Manifesto: The Mad Farmer Liberation Front

Love the quick profit, the annual raise,
vacation with pay. Want more 
of everything ready made. Be afraid 
to know your neighbors and to die.
And you will have a window in your head.
Not even your future will be a mystery 
any more. Your mind will be punched in a card 
and shut away in a little drawer.
When they want you to buy something 
they will call you. When they want you
to die for profit they will let you know. 
So, friends, every day do something
that won’t compute. Love the Lord. 
Love the world. Work for nothing. 
Take all that you have and be poor.
Love someone who does not deserve it. 
Denounce the government and embrace 
the flag. Hope to live in that free 
republic for which it stands. 
Give your approval to all you cannot
understand. Praise ignorance, for what man 
has not encountered he has not destroyed.
Ask the questions that have no answers. 
Invest in the millennium. Plant sequoias.
Say that your main crop is the forest
that you did not plant,
that you will not live to harvest.


Say that the leaves are harvested 
when they have rotted into the mold.
Call that profit. Prophesy such returns.
Put your faith in the two inches of humus 
that will build under the trees
every thousand years.
Listen to carrion—put your ear
close, and hear the faint chattering
of the songs that are to come. 
Expect the end of the world. Laugh. 
Laughter is immeasurable. Be joyful
though you have considered all the facts. 
So long as women do not go cheap 
for power, please women more than men.
Ask yourself: Will this satisfy 
a woman satisfied to bear a child?
Will this disturb the sleep 
of a woman near to giving birth? 
Go with your love to the fields.
Lie easy in the shade.
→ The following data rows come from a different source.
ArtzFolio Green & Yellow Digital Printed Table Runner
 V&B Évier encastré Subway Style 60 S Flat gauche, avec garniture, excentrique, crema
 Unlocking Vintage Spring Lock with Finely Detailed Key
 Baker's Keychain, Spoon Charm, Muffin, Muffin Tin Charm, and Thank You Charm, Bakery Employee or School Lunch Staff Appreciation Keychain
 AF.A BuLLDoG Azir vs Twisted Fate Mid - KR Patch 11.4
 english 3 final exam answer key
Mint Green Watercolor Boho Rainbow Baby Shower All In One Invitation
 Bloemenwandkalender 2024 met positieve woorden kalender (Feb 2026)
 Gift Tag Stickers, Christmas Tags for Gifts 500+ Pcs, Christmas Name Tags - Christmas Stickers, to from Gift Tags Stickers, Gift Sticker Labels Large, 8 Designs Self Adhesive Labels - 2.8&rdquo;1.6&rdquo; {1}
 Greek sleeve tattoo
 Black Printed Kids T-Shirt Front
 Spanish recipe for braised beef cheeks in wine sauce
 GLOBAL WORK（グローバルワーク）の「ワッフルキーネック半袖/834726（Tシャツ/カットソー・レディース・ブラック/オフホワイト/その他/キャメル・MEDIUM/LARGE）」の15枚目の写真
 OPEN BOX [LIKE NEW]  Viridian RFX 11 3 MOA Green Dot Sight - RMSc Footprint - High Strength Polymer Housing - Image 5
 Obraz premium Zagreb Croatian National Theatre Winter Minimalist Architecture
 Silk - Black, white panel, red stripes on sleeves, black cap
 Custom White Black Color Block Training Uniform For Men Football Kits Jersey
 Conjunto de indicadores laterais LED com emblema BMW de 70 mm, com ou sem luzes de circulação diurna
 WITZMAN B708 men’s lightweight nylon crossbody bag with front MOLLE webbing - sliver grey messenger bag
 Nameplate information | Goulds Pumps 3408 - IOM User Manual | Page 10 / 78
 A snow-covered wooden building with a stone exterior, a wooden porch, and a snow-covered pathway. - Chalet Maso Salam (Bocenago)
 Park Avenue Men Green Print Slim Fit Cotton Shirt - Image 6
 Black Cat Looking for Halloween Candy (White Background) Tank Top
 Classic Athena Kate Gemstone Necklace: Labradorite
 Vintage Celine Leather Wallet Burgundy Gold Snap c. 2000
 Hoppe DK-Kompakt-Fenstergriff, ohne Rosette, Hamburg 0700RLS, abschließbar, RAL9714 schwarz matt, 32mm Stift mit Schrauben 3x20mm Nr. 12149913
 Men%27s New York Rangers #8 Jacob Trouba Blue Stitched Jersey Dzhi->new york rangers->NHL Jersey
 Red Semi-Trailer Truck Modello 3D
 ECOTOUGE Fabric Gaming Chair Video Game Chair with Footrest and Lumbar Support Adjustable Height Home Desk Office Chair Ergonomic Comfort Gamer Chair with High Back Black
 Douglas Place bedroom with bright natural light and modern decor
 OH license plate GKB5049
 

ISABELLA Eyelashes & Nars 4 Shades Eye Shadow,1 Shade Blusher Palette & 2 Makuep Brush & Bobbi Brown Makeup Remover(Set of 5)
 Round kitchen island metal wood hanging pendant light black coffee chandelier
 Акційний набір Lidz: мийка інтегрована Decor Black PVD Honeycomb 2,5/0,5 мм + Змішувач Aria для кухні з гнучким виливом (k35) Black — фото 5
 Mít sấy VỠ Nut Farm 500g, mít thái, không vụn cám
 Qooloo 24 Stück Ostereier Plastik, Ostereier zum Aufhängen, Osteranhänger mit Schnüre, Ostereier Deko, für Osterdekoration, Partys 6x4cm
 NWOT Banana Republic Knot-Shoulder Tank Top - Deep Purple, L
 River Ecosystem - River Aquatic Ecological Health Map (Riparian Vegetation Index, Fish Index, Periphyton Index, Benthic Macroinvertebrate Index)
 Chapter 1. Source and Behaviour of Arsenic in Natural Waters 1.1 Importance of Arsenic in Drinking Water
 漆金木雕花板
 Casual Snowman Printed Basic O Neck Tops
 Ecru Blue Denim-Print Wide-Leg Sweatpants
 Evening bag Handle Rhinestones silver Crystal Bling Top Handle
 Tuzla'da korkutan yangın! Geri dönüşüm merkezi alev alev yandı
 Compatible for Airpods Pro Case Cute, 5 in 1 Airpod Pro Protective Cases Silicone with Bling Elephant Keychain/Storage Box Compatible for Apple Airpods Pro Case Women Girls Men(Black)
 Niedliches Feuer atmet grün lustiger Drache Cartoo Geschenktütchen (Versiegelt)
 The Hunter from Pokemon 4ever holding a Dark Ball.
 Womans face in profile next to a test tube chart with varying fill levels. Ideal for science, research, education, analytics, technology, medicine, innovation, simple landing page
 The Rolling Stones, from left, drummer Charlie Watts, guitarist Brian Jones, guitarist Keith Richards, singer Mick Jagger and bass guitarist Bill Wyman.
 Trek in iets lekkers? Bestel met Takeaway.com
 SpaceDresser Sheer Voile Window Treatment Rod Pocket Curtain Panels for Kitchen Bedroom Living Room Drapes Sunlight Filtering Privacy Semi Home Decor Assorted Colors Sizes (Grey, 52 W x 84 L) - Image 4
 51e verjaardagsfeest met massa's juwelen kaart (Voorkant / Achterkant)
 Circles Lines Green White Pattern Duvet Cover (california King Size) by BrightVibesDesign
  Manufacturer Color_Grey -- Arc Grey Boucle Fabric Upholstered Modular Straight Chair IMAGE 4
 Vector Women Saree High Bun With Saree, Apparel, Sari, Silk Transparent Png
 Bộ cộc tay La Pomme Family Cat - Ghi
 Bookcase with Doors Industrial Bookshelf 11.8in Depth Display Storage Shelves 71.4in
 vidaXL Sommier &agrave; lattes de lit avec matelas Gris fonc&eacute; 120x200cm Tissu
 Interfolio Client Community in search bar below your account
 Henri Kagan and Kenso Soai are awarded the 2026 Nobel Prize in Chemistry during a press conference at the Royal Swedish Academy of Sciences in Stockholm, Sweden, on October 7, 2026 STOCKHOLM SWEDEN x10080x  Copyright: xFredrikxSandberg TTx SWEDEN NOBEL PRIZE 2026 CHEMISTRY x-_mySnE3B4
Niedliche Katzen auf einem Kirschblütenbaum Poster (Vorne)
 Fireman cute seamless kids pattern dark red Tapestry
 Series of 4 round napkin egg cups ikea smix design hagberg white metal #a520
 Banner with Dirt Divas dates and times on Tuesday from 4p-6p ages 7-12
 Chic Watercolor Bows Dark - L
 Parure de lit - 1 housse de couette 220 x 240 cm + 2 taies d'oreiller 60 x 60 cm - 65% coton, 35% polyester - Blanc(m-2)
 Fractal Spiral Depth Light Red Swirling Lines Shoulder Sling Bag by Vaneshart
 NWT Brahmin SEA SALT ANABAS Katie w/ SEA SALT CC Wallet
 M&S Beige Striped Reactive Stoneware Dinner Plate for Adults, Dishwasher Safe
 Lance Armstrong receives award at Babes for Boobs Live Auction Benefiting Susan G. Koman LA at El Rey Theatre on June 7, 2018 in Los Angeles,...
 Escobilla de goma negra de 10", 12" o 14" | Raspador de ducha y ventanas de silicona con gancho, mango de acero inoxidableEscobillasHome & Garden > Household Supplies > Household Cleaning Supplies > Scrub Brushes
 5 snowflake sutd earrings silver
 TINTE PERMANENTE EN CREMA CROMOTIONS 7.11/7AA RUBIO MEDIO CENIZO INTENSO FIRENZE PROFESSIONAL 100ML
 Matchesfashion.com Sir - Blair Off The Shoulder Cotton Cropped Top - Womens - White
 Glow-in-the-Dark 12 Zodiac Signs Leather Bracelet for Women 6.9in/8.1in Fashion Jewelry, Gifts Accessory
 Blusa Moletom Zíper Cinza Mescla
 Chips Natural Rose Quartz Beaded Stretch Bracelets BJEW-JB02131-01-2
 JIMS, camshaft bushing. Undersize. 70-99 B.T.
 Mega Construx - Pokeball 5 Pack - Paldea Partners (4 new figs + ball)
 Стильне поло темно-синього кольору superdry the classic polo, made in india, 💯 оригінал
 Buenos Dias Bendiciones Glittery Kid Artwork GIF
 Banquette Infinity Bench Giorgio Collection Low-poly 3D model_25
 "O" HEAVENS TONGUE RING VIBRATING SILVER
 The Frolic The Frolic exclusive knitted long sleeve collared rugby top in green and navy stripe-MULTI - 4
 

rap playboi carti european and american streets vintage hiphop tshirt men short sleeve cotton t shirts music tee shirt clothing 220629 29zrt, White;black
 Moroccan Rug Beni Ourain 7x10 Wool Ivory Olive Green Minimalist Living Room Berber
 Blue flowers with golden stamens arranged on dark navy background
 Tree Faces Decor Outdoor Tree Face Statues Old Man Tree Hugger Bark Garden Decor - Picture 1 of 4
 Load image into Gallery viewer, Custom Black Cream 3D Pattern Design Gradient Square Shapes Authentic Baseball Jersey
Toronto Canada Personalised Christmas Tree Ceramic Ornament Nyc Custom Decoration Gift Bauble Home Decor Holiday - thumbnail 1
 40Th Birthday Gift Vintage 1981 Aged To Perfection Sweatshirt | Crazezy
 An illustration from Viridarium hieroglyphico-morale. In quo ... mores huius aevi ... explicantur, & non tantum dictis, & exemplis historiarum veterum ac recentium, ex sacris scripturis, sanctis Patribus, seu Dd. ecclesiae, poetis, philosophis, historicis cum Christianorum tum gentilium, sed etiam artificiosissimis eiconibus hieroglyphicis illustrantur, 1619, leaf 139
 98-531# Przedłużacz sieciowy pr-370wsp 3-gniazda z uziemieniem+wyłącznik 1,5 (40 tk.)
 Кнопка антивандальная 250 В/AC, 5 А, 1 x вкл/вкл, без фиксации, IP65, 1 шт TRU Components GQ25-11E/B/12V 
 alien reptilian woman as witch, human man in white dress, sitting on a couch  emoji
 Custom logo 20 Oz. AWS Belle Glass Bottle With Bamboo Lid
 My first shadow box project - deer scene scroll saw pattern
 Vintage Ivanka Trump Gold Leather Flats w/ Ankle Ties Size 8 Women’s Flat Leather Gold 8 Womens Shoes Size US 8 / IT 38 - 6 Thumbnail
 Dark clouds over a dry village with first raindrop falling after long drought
Rest your head 
in her lap. Swear allegiance 
to what is nighest your thoughts.
As soon as the generals and the politicos 
can predict the motions of your mind, 
lose it. Leave it as a sign 
to mark the false trail, the way 
you didn’t go. Be like the fox 
who makes more tracks than necessary, 
some in the wrong direction.
Practice resurrection.

Wendell Berry is a poet, farmer, and environmentalist in Kentucky. This poem, first published in 1973, is reprinted by permission of the author and appears in his “New Collected Poems” (Counterpoint).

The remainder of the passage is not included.